I need a cable to do this, so it would need to have two male ends which would plug into an MP3 player and another device, then a single female end that I could plug my headphones into. I would think such a beast exists but I don't know how to search for it, what terms I would use. Any help much appreciated.

Harold


----------



## Wino (Dec 1, 2001)

halcour said:


> I need a cable to do this, so it would need to have two male ends which would plug into an MP3 player and another device, then a single female end that I could plug my headphones into. I would think such a beast exists but I don't know how to search for it, what terms I would use. Any help much appreciated.
> 
> Harold


Not sure of size plug you need, but take a look at

http://www.cablesunlimited.com/products/Prod_Individual3.aspx?groupcode=I0345


----------



## K7M (Feb 27, 2000)

You can probably get one but you would damage the amplifier in one of the devices connected.


----------



## halcour (Mar 2, 2005)

K7M said:


> You can probably get one but you would damage the amplifier in one of the devices connected.


?! Please explain. The 2 devices would be outputting thru the earphone jack. How would this cause damage?

Thanks,
Harold


----------



## K7M (Feb 27, 2000)

It would be the same as hooking up 2 stereo receivers to one set of speakers. You would ultimately damage one of the receivers. At some point the outputs would be at oposite polarities, it would be similar to putting the positives to negatives on 2 batteries.


----------



## JohnWill (Oct 19, 2002)

Connecting two signal sources together is a bad idea, and *K7M* is correct, it may damage one or both of them. Also, this seems somewhat pointless, do you really want two audio sources active at the same time?


----------



## halcour (Mar 2, 2005)

It's certainly not pointless for my purposes.

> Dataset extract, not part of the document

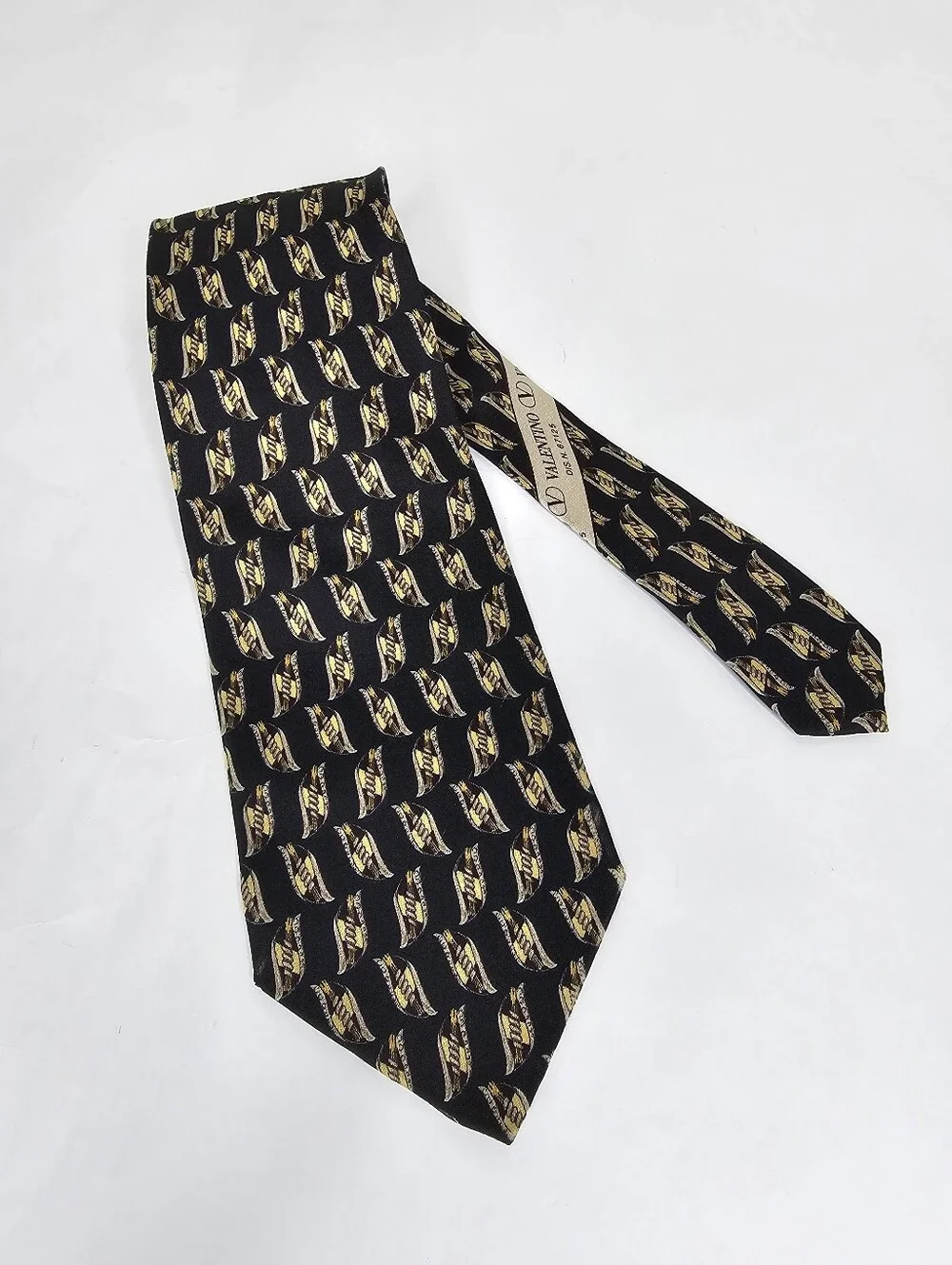 Vintage Valentino Silk Tie - Black & Gold Geometric Avant-Garde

One source is an EMG biofeedback machine, which emits a continuous tone, the other source is an MP3 player, which will be playing hypnotic suggestions consisting of 2 different allegorical stories, one in each ear. (This is why I can't just have the BF machine in one ear and the MP3 in the other, the MP3 has to be stereo.)

I appreciate the warnings as this would never have occurred to me and this BF device is brand new and costs over $400, so I certainly don't wish to damage it in any way.

Any suggestions as to a solution to this problem would be greatly appreciated.

Harold


----------



## halcour (Mar 2, 2005)

How about this: What if the device playing the hypnotic suggestions accepted an audio input of its own?

Is there either an MP3 player (first choice), CD player (second choice), or cassette player (last choice) that would have such an input that I could plug the Biofeedback device into?

Thanks,
Harold


----------



## halcour (Mar 2, 2005)

Got it. Someone on another forum suggested using my computer, playing the MP3 in Media Player and plugging the biofeedback machine into the computer's audio input. I just happen to have on old laptop w/XP on it and I just tried it out. Works great!

H


----------



## JohnWill (Oct 19, 2002)

What you need is an audio mixer that electronically combines the two inputs into one output.


----------



## halcour (Mar 2, 2005)

John - I think the laptop will work fine, but that's good to know if I ever need it. Thanks.

H


----------



## JohnWill (Oct 19, 2002)

Yep, the laptop serves as that "mixer", even if it is a big bulky for the task.


----------